Brief descriptive captions
※ ※ ※

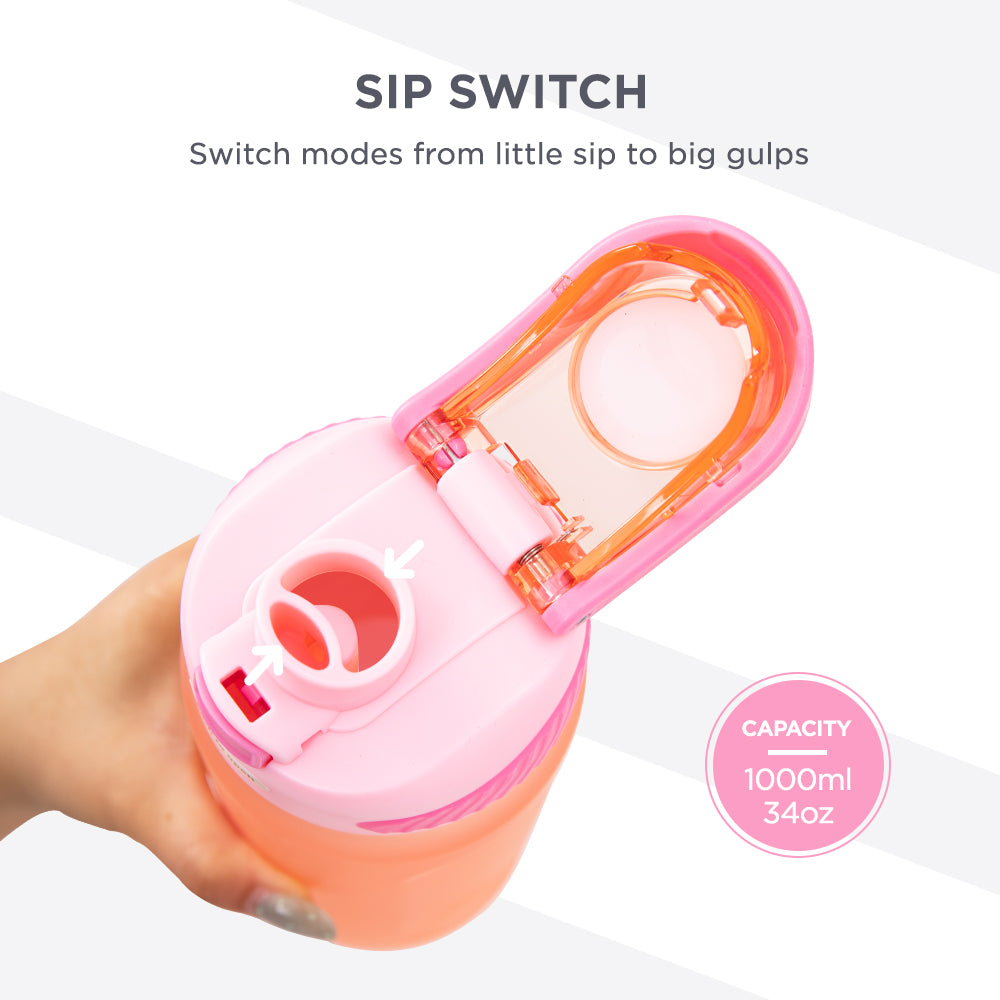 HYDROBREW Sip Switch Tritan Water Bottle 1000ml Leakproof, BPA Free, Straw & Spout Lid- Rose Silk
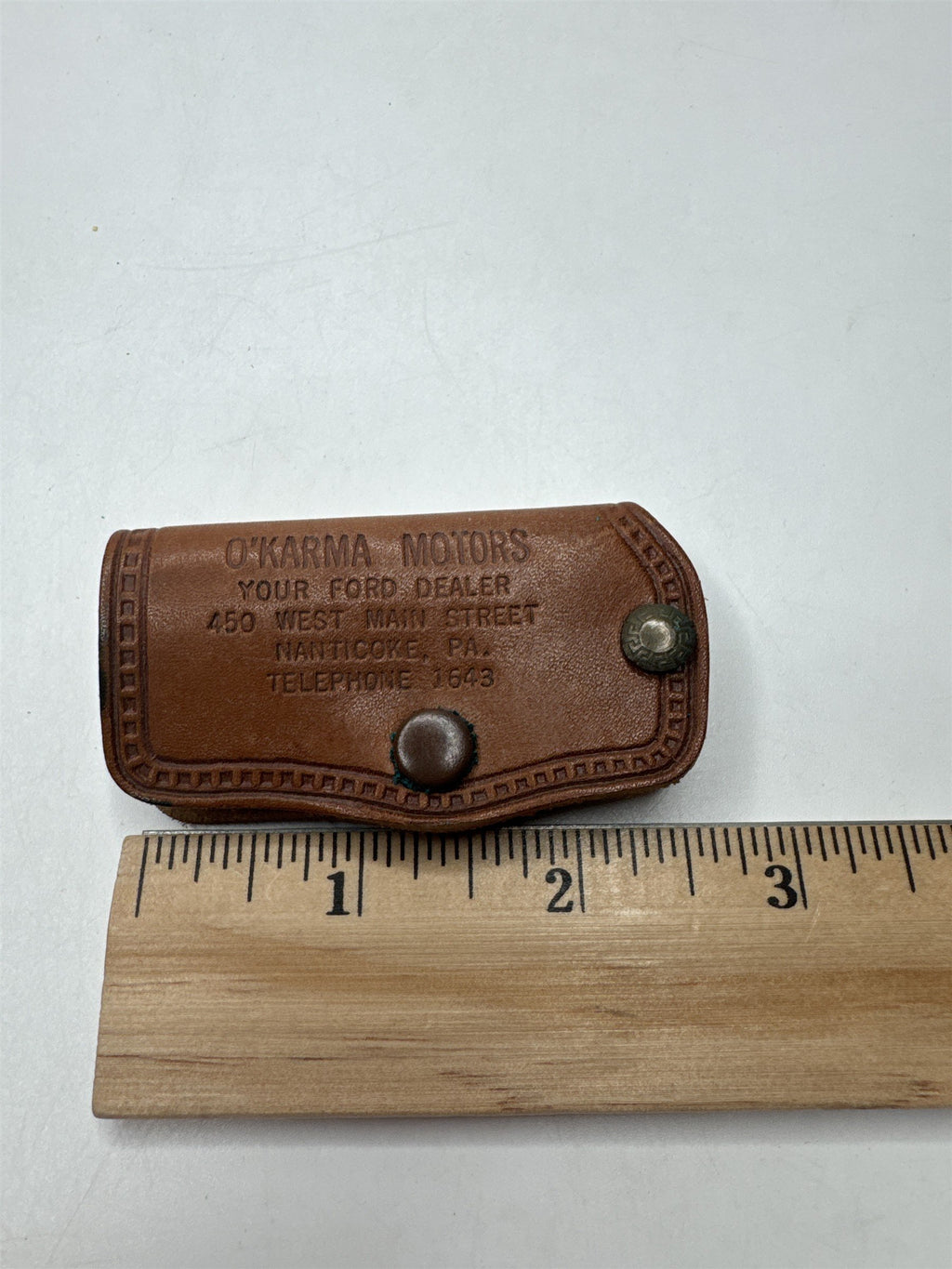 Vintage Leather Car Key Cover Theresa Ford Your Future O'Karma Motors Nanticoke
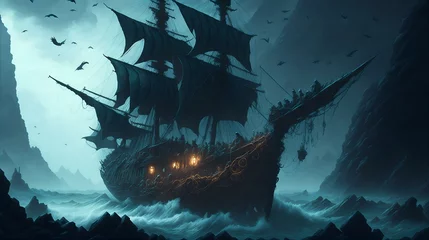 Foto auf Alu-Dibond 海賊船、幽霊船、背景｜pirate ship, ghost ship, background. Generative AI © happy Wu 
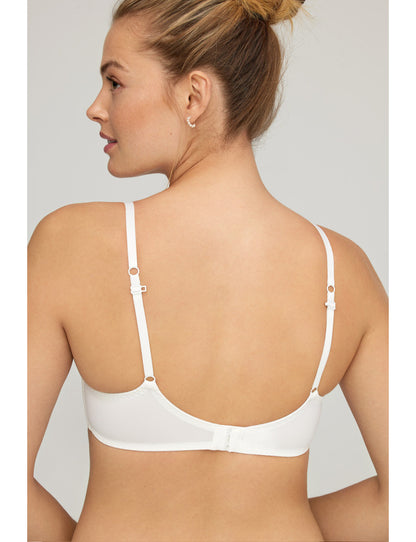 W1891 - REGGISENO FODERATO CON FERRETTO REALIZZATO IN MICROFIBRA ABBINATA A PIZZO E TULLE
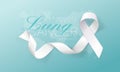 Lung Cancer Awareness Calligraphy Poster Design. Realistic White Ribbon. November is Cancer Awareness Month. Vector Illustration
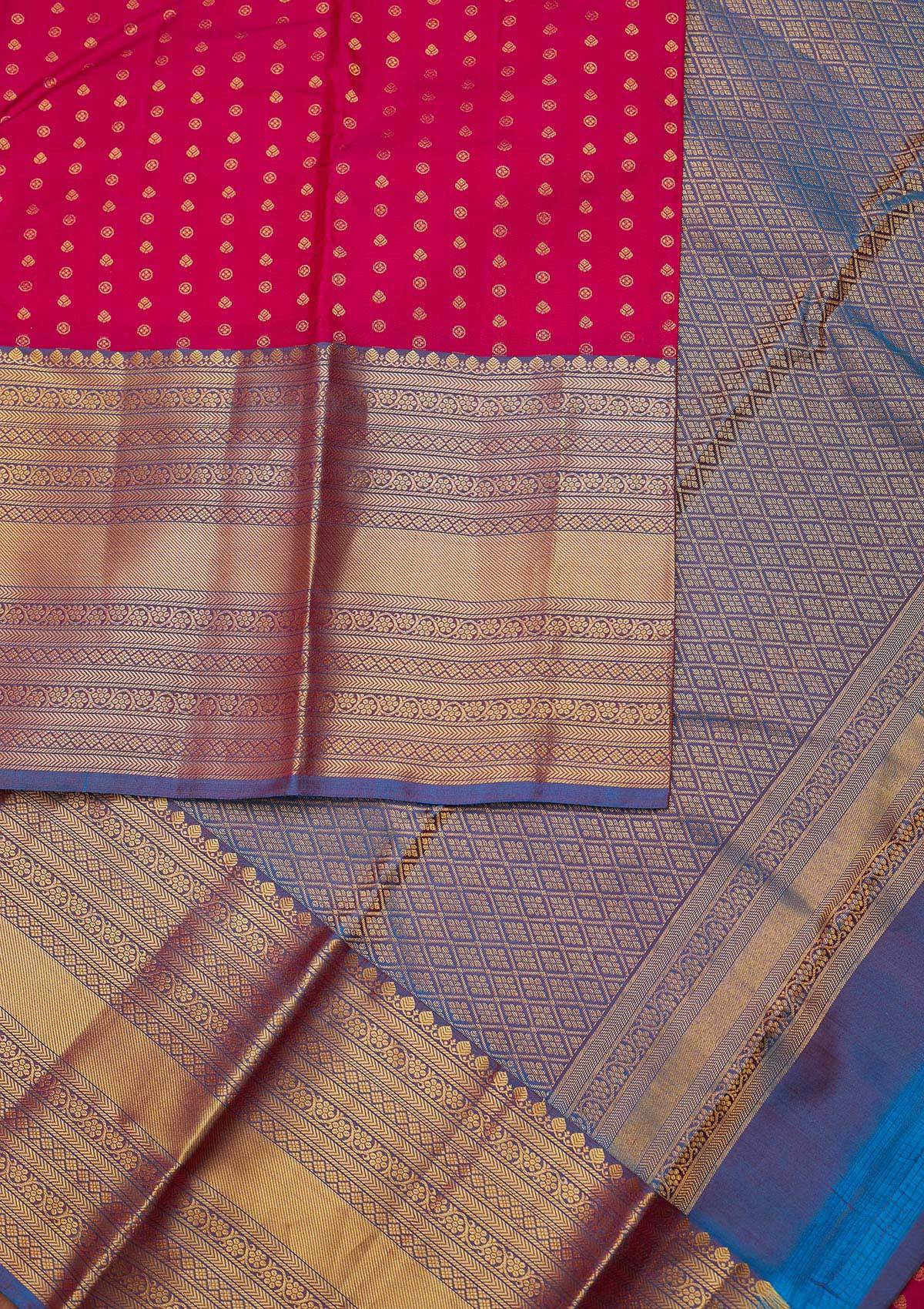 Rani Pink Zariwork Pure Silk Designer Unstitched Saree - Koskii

※ ※ ※

AIM OF THE EXERCISE: Take the line containing "W1891 - REGGISENO" and all lines after it to the end of the data above, and reproduce them exactly, leaving out pictures. Nothing else belongs in the copy.

RESPONSE BELOW:
 W1891 - REGGISENO FODERATO CON FERRETTO REALIZZATO IN MICROFIBRA ABBINATA A PIZZO E TULLE
 Lung Cancer Awareness Calligraphy Poster Design. Realistic White Ribbon. November is Cancer Awareness Month. Vector Illustration
 Rani Pink Zariwork Pure Silk Designer Unstitched Saree - Koskii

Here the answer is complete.